After a night spent on my office floor with my brother and two of his friends, I nagged the CEO into having an emergency vehicle drive me to the PATH train, which was the first mass transit up and running after the power outage began. I was frantic with worry about my dog, who by that time had not been walked for 24 hours and was trapped in a high rise rental by the Hoboken waterfront. Despite striking up frequent hallway conversations with neighbors, I never managed to attain the degree of friendship where we exchanged keys. My poor boy had held it in that entire time – when I ran up the 12 flights of stairs to reach him he whimpered with relief and then peed as I held him, wept, and apologized for not being there for him.
I moved to Hoboken right after 9/11 because I felt inescapably trapped on an island surrounded by military armed with AK-47s and constant air patrols. All I could think about was escape, but even if I walked, where could I go except toward the Atlantic Ocean? At least on the western shore of the Hudson River, we could backpack our way deeper into the United States. After the blackout, I knew it wasn’t enough to live in New Jersey – I needed to be based there. So it wasn’t a big surprise that after I became a mom, I also began working from home. In the event of another emergency situation, I would always be near enough to retrieve our baby and then connect with my husband.
The next ten years have been pretty well chronicled on this blog. I had another baby, and then a third. I traded in the Honda for a Subaru station wagon equipped with three car seats across the back row. I bought an apartment, sold it and simultaneously bought another one. Much to my shock, I chose to raise my family in New Jersey over New York. One company turned into three, each one getting bigger than the last. I started getting recognized on the street, to the point where I would eat in a restaurant and the mom at the next table would whisper “That’s Kathy Zucker.” I would peg the absolute height of my career as a Hoboken mom blogger at October 2012, when 1,000 people turned out for my company’s fall expo.
Two days later, Hurricane Sandy hit, flooding over 70% of Hoboken and knocking out the PATH train for months. Everything changed. In the early days after the hurricane, similar to the 2003 Northeast blackout, everyone pulled together. Hoboken was on the front page of every major publication – because I was considered the go to mom in Hoboken, I was fielding calls from the Associated Press, Reuters and CNN. The Sandy attention culminated in a Shorty Award in April 2013 sponsored by New York Life for their “Keep Good Going” campaign. And ever since then, my life has exploded into something utterly unrecognizable to me and everyone who knows me. Literally. When I show people the Dove advertisement where I was photographed by Cosmopolitan Magazine, not one single person recognizes me. Can you spot me?

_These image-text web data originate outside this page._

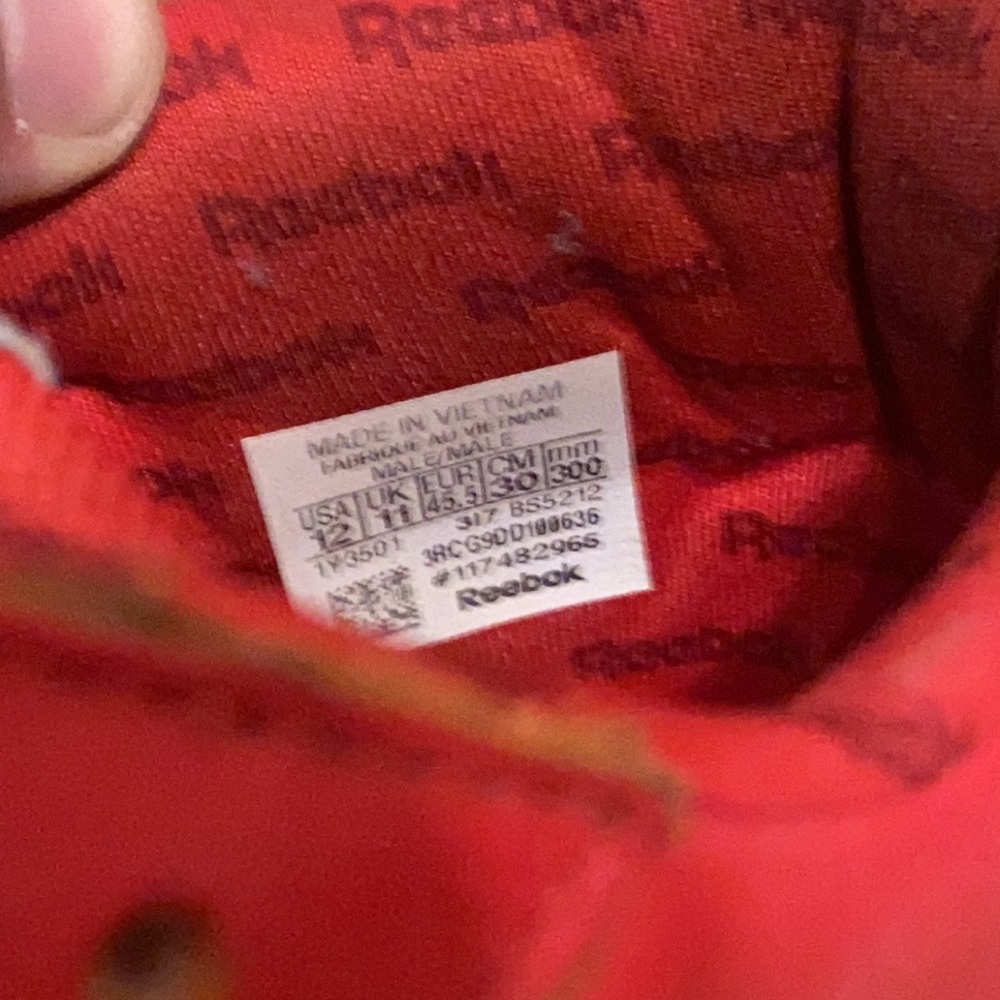 Red Reebok’s size: 12 - Picture 4 of 4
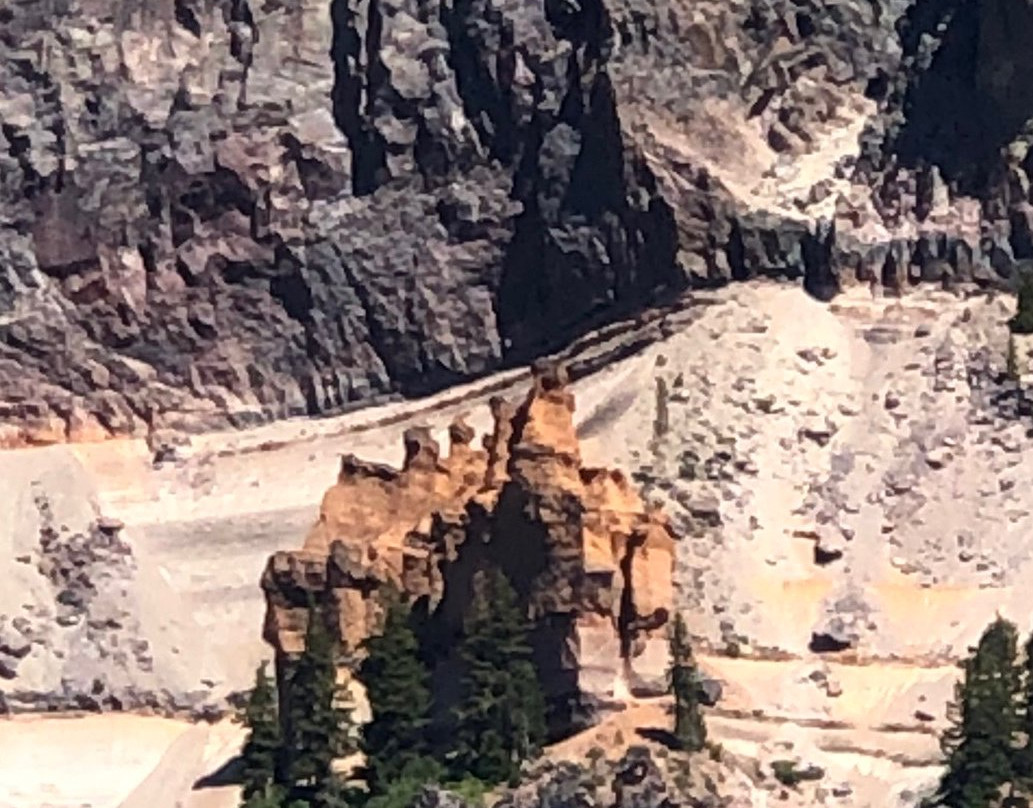 Pumice Castle-火山湖国家公园必去景点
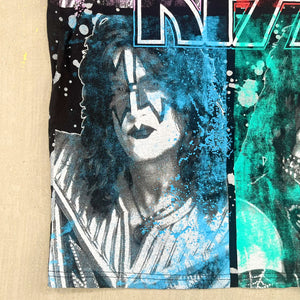 F- Kiss Picture & Text Multi Color Tee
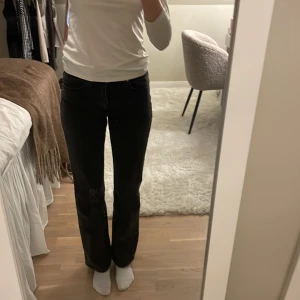 Svarta jeansbyxor - Snygga svarta jeans med en normal passform. Jag är 170 cm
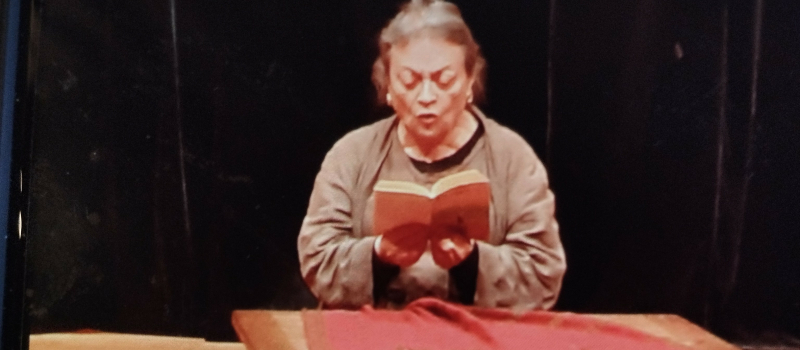 Le théâtre du Griot Blanc lit Louise Michel
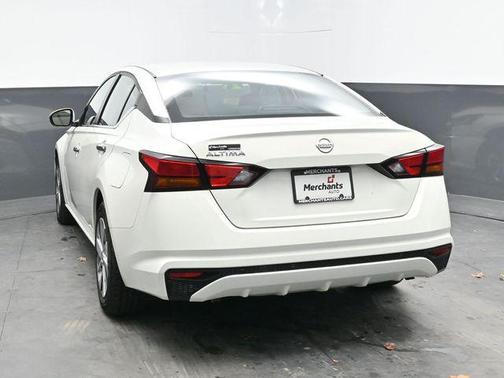 2021 Nissan Altima S FWD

Of course you can’t. Nobody can. The Jean Louis David hair and makeup artists are masters at their craft – they somehow made me look glamorous. But that is how I have to look from now on whenever I am invited to an event. I have my everyday sloppy attire, when I leave the house wearing glasses without brushing my hair (or teeth) and then I have my public outings when I wear contacts and makeup. The only way anybody recognizes me then is when I have the kids with me.
So who am I? A mom hauling her kids all over Hoboken, a business woman sharing tips, or a public figure who goes on the Today Show? All of the above? There are so many different facets to my life that each get reflected on a different social media platform – I network and talk shop on Twitter, post kid pics on Instagram, joke about never taking showers on Facebook, and write about social media on LinkedIn.
Even though I have a one year old child, I am no longer the mother of young children. I will be a mother for the rest of my life, but I am transitioning at light speed toward my natural persona – a business woman. I was a rising star at my company before having children, and I continued to be a rising star through the following years – I just happened to be working for myself. I don’t think I’m anything special – there are thousands of women out there who are just like me.
But it’s time to spread my wings and go full throttle in the next phase of my life – the post-childbearing years. I hope my readers stick around to watch me reinvent myself. I have loved meeting so many of you and staying in touch on social media. I am admittedly horrible on email, but I always respond within 24 hours on Twitter and Facebook. Please feel free to reach out, I love a good chat.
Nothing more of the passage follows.